She nods. "After you approve a photo." She kisses me on the cheek. "This is my only card. I have to play it at the right time."

It's not.

She can get anything she wants if she says my name in that needy, breathy tone.

But she doesn't realize it.

"I'll meet you downstairs." She runs her fingers over my chin.

I don't flinch this time.

That's progress.

Danielle notices. She smiles, runs her fingers over my chin again. Releases me and slips into the bathroom.

Still, I wait until the water is running to remove my robe.

This is an old house. There's only one mirror here, a standing floor length thing in the corner.

My eyes go there instantly.

Scars.

Only scars.

Jagged pink lines on my face.

Then darker, deeper ones on my shoulders, chest, stomach.

Would she see them as beautiful?

Would she still want me?

Or would she see every ugly deed in my heart?

I don't know.

I want to show her.

I want to trust her.

I want to feel her soft skin against mine.

But I can't. Not yet.

I finish drying, then I slip into a suit. Something familiar and comfortable.

Something that turns her on.

That isn't why.

But it feels good to believe it, at least for a second.

It feels good to believe I'm capable of loving her and accepting her love in return.

Chapter Thirty-Two

Adam

Trish nearly doubles over when she sees me at the dining table.

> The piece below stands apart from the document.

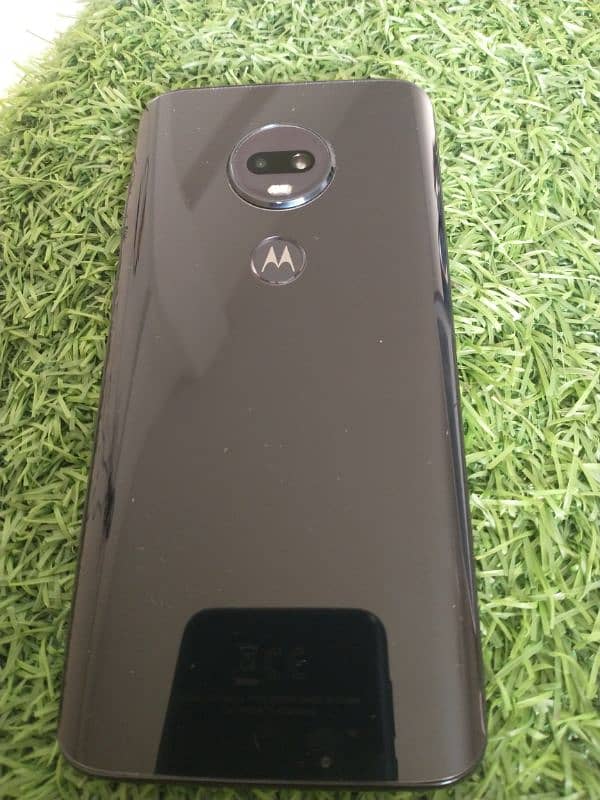 Motorola G7 Plus 4/64 Dual Sim 5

"Adam, it's lovely to have you and Danielle here together." She beams as she pours coffee. Insists on making a special meal.

Coffee. An omelet with fresh herbs and goat cheese. Roasted potatoes. Bacon. Sliced strawberries.

Danielle groans over every bite.

I ask her about her plans for the photo shoot. She's still nervous about going public with her art. Especially about asking her old boss to show her photos.

But there's excitement in every word she says.

She gushes through all of breakfast and a second cup of coffee. "I have preliminary photos, if you're ready to see them."

Fuck, what a question.

Am I ready to see photos of my hand between her legs?

Of my scars on display?

A normal headshot, maybe. But it's hard to envision anything else.

I'm not ready. I don't know how I'll ever be ready. Only that I want to get there. "Yes."

Her expression brightens. It fills the entire house with light.

She's so fucking beautiful.

Warm, protective, passionate.

I need her in my life.

Not just for this ruse.

Because I need her.

The thought overwhelms me. I need her. I don't know how to keep her. I don't know if I can keep her.

Is that love?

Choosing what's best for her over what's best for me?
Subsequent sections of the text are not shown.